POV-Ray : Newsgroups : povray.off-topic : Tell me it isn't so! : Re: Tell me it isn't so! Server Time
16 Nov 2024 02:28:32 EST (-0500)
  Re: Tell me it isn't so!  
From: clipka
Date: 21 Jul 2009 16:05:01
Message: <web.4a661f3eac52dfd4537313280@news.povray.org>
"David H. Burns" <dhb### [at] cherokeetelnet> wrote:
> > 2. What would be so bad about this being true?
> It would be too complex to be usable by ordinary folk (i.e. me).

Not if it's done right.

It might be too complex for ordinary folk to make use of its *full power*, but
simply coding a scene should be no tad more difficult than it is ATM.

To the contrary: It might allow programmers to write more sophisticated "macro"
suites and make them much easier to use for ordinary folk.

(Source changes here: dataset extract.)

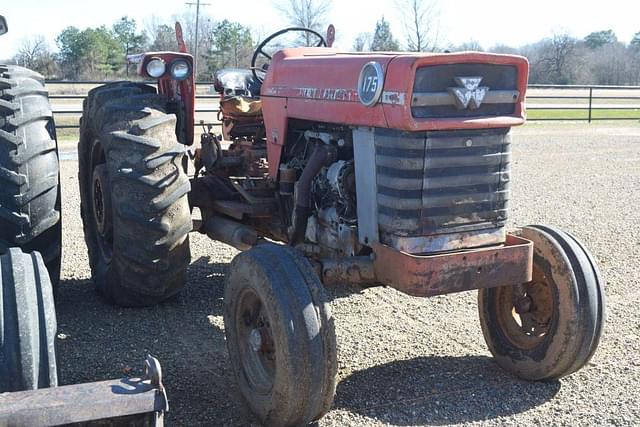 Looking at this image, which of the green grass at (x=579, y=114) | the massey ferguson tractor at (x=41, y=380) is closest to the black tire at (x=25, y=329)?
the massey ferguson tractor at (x=41, y=380)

(All provided POV-Ray gets a custom-tailored language; with any "off-the-shelf"
language I've seen so far, you'd likely be right: It would become unnecessarily
cumbersome.)


I can understand your resentments: When I first came into contact with anything
officially labeled "OOP", I just thought "WTF?!" - that was Borland's "Turbo
Vision" for Turbo Pascal 6. It looked like it made programming absurdly ugly
and complex, and the section on OOP in the manuals started out in a way that
didn't seem to make any sense to me.

Next time I was introduced to OOP, however, I found that I had been using OOP
concepts already, and what was labeled "OOP" were actually just language
features that made it simpler to implement them, and more-or-less useful
libraries making use of these.

As for the ugliness, I found that most of it was the particular ugliness of the
Turbo Vision framework - or rather actually Borland's idea of how they should
be used - and had nothing to do with the language's OOP extensions in general,
and the residual ugliness was due to these extensions having been designed into
an already-existing language.

Another reason for people experiencing OOP as particularly complex is that many
people encounter it in the context of graphical user interfaces and stuff like
that (a good deal of Turbo Vision, too, was dedicated to windowing user
interfaces, though they were text-based back then); often the high complexity
of the user interfaces is then wrongly associated with OOP in general.


BTW, a work colleague of mine, who *started* his programming carreer with OOP,
was struck with horror when he first made contact with classical procedural
programming...


The bottom line is this: If the language is designed with care, supporting OOP
will allow "wizards" to write libraries with very elegant interfaces, without
interfering with the ease of general scene coding.